Merge branch 'NVMeTCP-Offload-ULP'

Shai Malin says:

====================
NVMeTCP Offload ULP

With the goal of enabling a generic infrastructure that allows NVMe/TCP
offload devices like NICs to seamlessly plug into the NVMe-oF stack, this
patch series introduces the nvme-tcp-offload ULP host layer, which will
be a new transport type called "tcp-offload" and will serve as an
abstraction layer to work with vendor specific nvme-tcp offload drivers.

NVMeTCP offload is a full offload of the NVMeTCP protocol, this includes
both the TCP level and the NVMeTCP level.

The nvme-tcp-offload transport can co-exist with the existing tcp and
other transports.

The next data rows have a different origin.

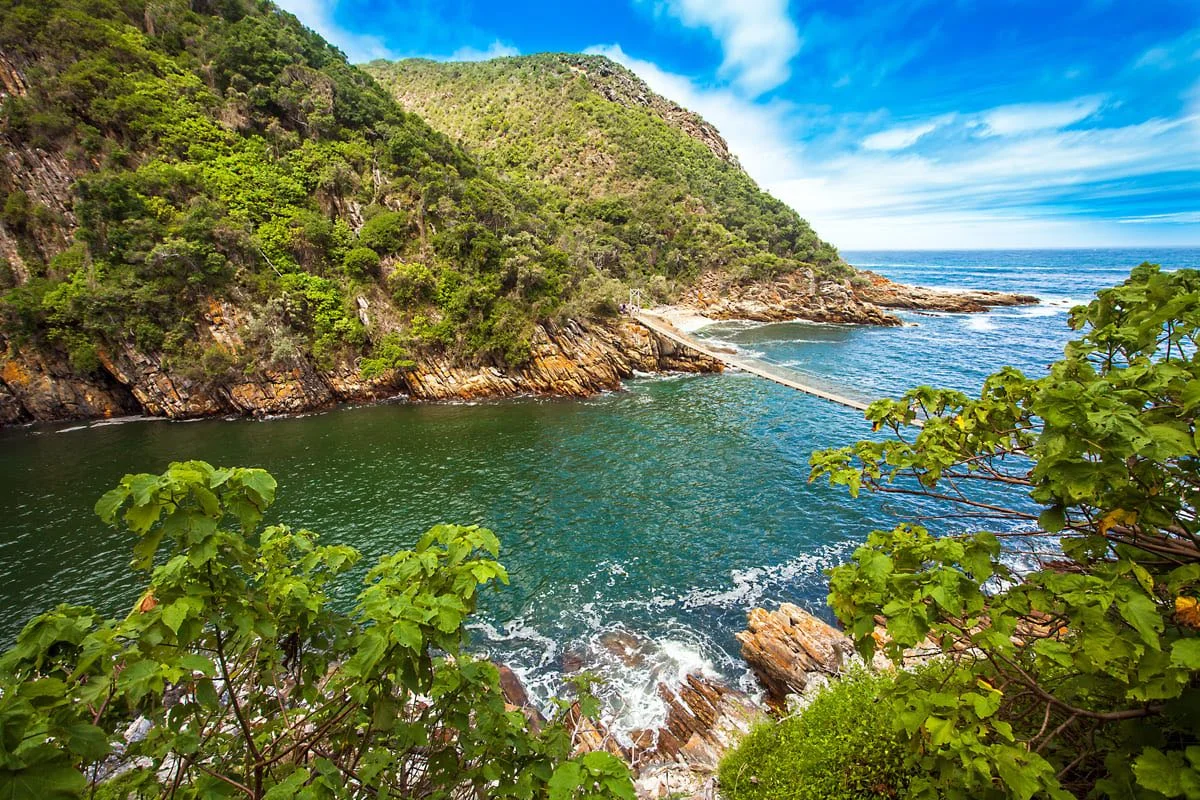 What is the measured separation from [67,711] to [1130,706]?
25.8ft

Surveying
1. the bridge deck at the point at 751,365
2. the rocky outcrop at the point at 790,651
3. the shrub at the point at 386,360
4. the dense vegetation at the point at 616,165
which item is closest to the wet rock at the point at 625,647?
the rocky outcrop at the point at 790,651

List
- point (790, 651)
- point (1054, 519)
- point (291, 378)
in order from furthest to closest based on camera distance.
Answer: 1. point (291, 378)
2. point (790, 651)
3. point (1054, 519)

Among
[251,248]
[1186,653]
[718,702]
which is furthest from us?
[251,248]

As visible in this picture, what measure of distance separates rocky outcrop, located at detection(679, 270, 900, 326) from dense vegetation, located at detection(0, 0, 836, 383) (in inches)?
1230

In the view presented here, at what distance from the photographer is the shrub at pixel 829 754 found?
5.93 m

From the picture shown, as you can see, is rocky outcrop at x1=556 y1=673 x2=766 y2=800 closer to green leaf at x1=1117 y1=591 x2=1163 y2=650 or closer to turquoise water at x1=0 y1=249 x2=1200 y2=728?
turquoise water at x1=0 y1=249 x2=1200 y2=728

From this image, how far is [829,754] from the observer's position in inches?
253

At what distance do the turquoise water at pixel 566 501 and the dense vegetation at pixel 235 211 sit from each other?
6823 millimetres

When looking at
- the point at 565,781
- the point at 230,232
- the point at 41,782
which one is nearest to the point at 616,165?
the point at 230,232

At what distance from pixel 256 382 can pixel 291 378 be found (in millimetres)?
2079

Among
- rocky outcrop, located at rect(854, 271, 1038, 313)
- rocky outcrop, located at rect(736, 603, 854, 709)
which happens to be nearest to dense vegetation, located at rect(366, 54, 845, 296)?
rocky outcrop, located at rect(854, 271, 1038, 313)

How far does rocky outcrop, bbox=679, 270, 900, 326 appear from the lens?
64500 mm

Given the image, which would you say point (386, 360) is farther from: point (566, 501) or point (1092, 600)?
point (1092, 600)

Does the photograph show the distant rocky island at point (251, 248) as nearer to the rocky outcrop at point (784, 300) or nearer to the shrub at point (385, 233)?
the shrub at point (385, 233) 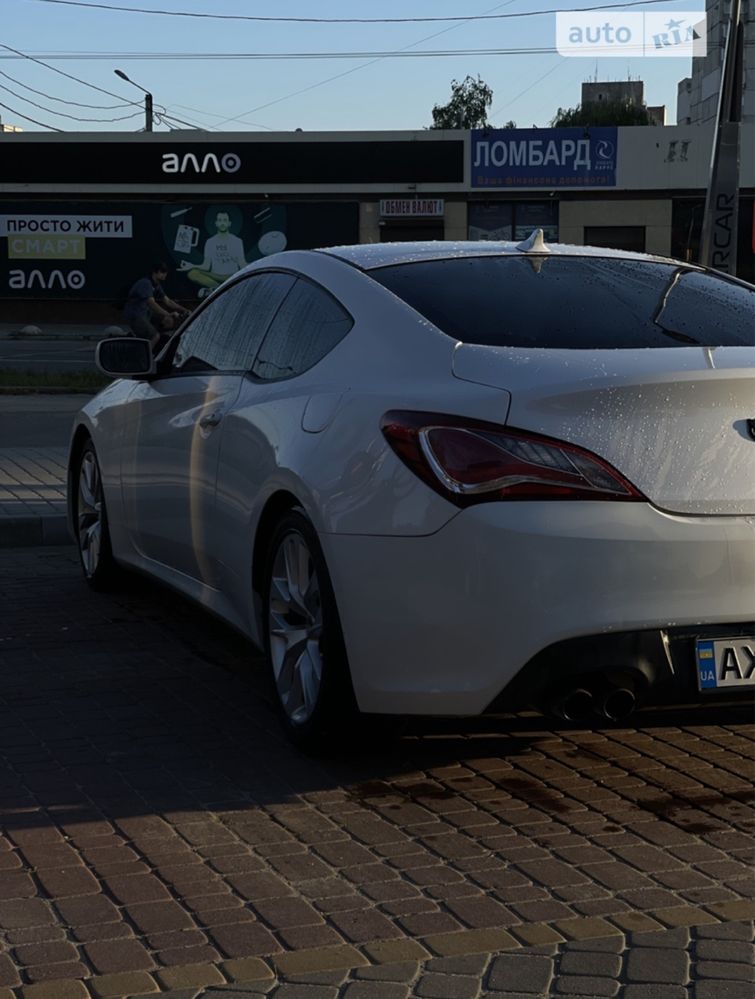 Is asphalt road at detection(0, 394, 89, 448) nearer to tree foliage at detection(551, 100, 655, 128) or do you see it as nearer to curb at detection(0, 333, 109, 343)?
curb at detection(0, 333, 109, 343)

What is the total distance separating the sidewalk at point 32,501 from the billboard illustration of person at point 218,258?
102 feet

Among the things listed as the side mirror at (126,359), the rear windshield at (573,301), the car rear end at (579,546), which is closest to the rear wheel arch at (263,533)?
the car rear end at (579,546)

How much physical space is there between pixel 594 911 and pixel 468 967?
439mm

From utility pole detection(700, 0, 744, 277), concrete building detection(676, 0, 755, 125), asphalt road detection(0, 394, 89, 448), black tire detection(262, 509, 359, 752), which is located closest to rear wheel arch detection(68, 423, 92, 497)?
black tire detection(262, 509, 359, 752)

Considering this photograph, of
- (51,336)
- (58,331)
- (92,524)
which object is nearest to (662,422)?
(92,524)

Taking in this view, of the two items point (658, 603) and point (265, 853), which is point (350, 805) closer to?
point (265, 853)

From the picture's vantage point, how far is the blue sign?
41.5 meters

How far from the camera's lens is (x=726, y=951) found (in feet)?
10.8

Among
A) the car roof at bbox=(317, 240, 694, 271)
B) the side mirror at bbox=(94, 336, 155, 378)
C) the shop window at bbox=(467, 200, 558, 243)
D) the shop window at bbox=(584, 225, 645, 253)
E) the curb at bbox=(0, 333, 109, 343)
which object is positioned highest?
the shop window at bbox=(467, 200, 558, 243)

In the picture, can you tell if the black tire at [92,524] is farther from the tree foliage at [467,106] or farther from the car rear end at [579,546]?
the tree foliage at [467,106]

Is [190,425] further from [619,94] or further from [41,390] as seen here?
[619,94]

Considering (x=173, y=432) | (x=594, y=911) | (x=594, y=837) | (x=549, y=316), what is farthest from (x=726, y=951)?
(x=173, y=432)

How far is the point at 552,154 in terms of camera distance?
41.5 meters

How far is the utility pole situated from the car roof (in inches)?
243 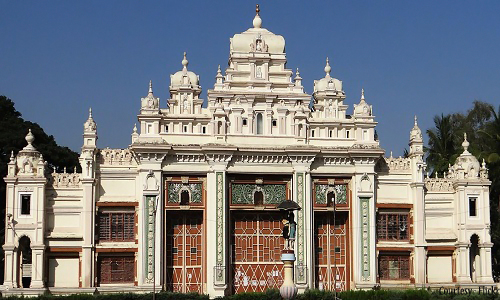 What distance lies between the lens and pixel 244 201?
47344 millimetres

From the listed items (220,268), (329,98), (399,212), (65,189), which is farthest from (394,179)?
(65,189)

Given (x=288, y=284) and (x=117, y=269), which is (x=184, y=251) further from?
(x=288, y=284)

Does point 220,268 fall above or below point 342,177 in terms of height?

The tcp offload was designed so that stack changes are
kept to a bare minimum: only registering new transports.
All other APIs, ops etc. are identical to the regular tcp transport.
Representing the TCP offload as a new transport allows clear and manageable
differentiation between the connections which should use the offload path
and those that are not offloaded (even on the same device).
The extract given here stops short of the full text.